The star comes from legendary soil. Amba Estate lies directly above a waterfall where according to the Indian epic, the Ramayana, the kidnapped goddess Sita hid in a cave, waiting to be rescued by her husband Rama.

Up on the steep slopes, the tea bushes are stressed by high altitude and drought, forced to concentrate all their resources into fewer leaves. But because of this, the leaves they do produce are of a rare, fine quality. And as they grow, they are cared for with great diligence; fertilized organically, weeded manually, helped by the company of other, soil enhancing plants. Then the tea is picked – only the bud and a single leaf – plucked between thumb and forefinger. In a small factory on the estate, the leaves and buds are spread to dry. Then, when they have lost just the right amount of moisture, they are rolled by hand in tiny batches. Women do this job because only their touch is gentle enough to form the strands of tea without breaking them.

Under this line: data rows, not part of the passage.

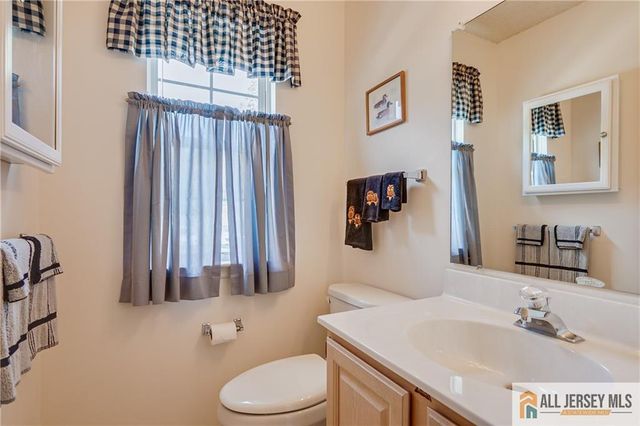 33 Keith Court, South Brunswick, NJ 08824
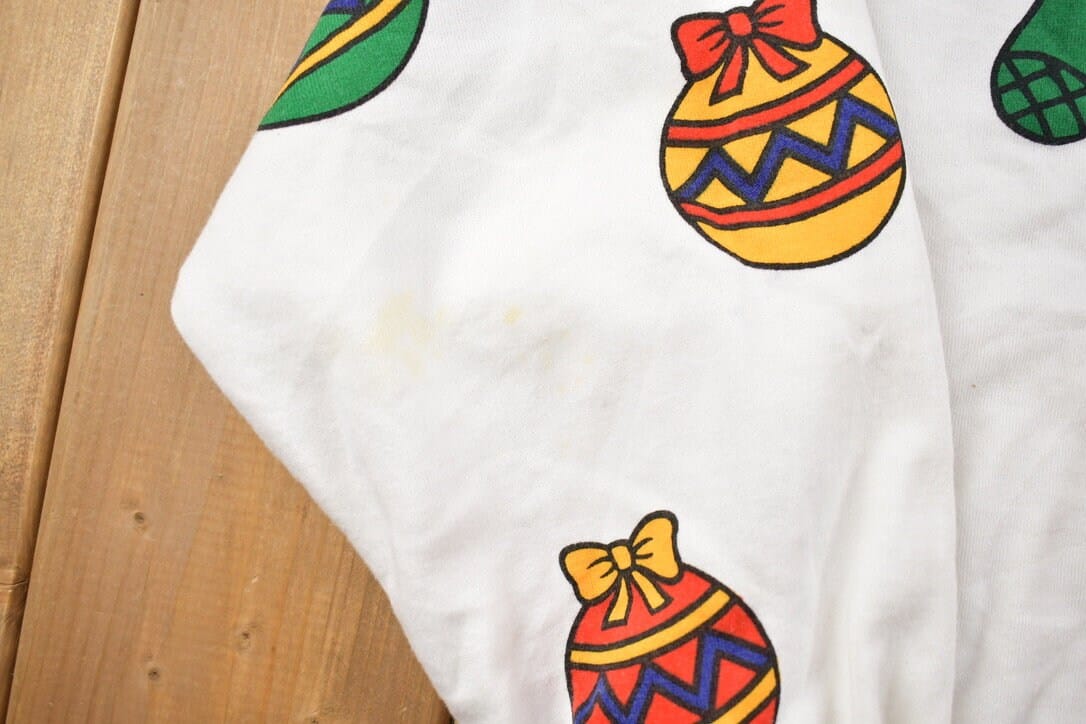 Vintage 1990s Christmas Ornament Theme Sweater Men's 2XL - Image 4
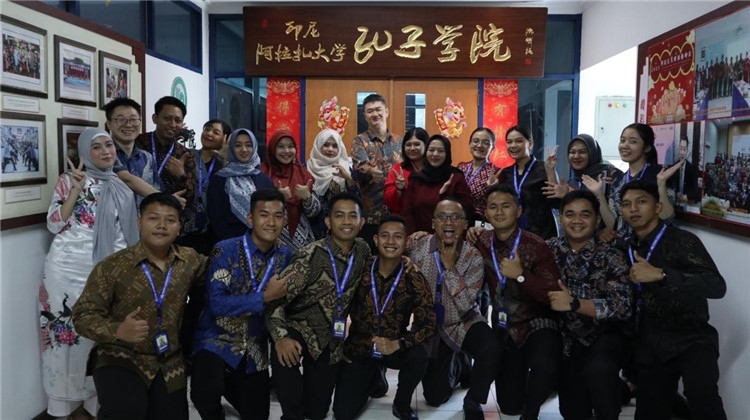 警察 學(xué)員們?cè)诳自洪T(mén)口合影。活動(dòng)主辦方供圖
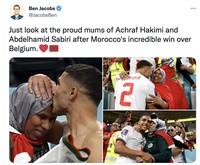 Achraf Hakimi Cium Ibu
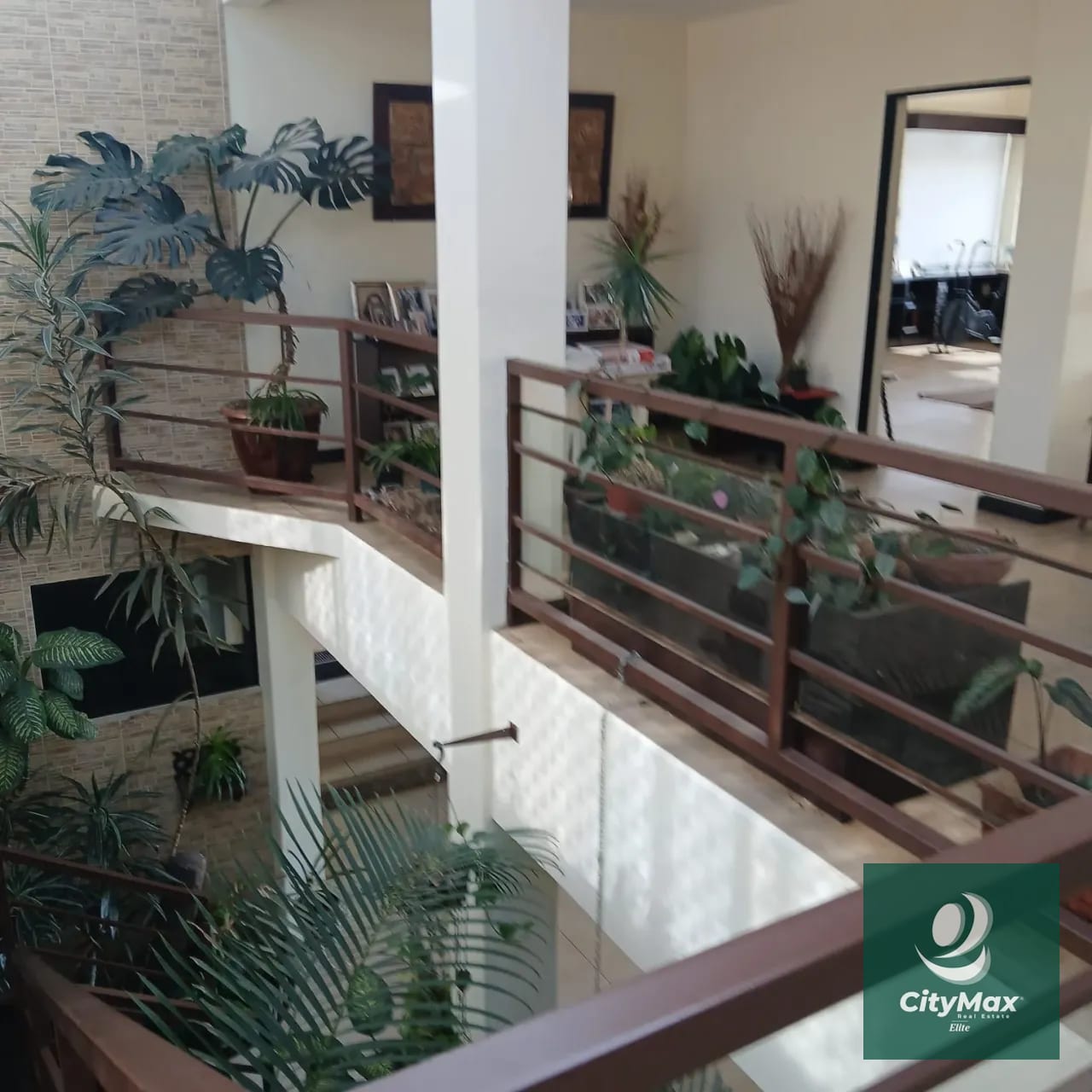 Espectacular casa en Condominio Residencial en Santa Catarina Pinula, Bellas Luces — Casa en Venta en Bellas Luces, Santa Catarina Pinula, Guatemala, Ciudad — foto 7 de 10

To make a star, twenty-six buds are selected, chosen at exactly the right time before they become too brittle. The buds are tied together with cotton, carefully pressed into shape and dried in an oven, constantly monitored to maintain the perfect temperature.

The whole process from goddess-blessed soil, to bush, to leaf, to bud, to star, is so painstaking, so fiddly, and so time consuming that it seems as much an act of love as it is of labor.

Now the star floats in a glass in front of me. It has been steeped for long moments in water boiled to 80C, no more, no less. The points of the star have unfurled and the tea is a clear, delicate yellow, only a little darker than champagne. No sugar is added, no milk. It is simply what it is.

I sip it slowly. Tea from Amba Estate is sold in expensive gourmet stores like Fortnum & Mason and Harney & Sons, so I know it’s considered excellent. But to me it seems better than excellent. It seems like the best tea I have ever drunk. Perhaps it is because of its pretty color and its appealing shape. Or perhaps it is because I now know the long and marvelous story of how it was made.

Long and marvelous stories always make everything taste better.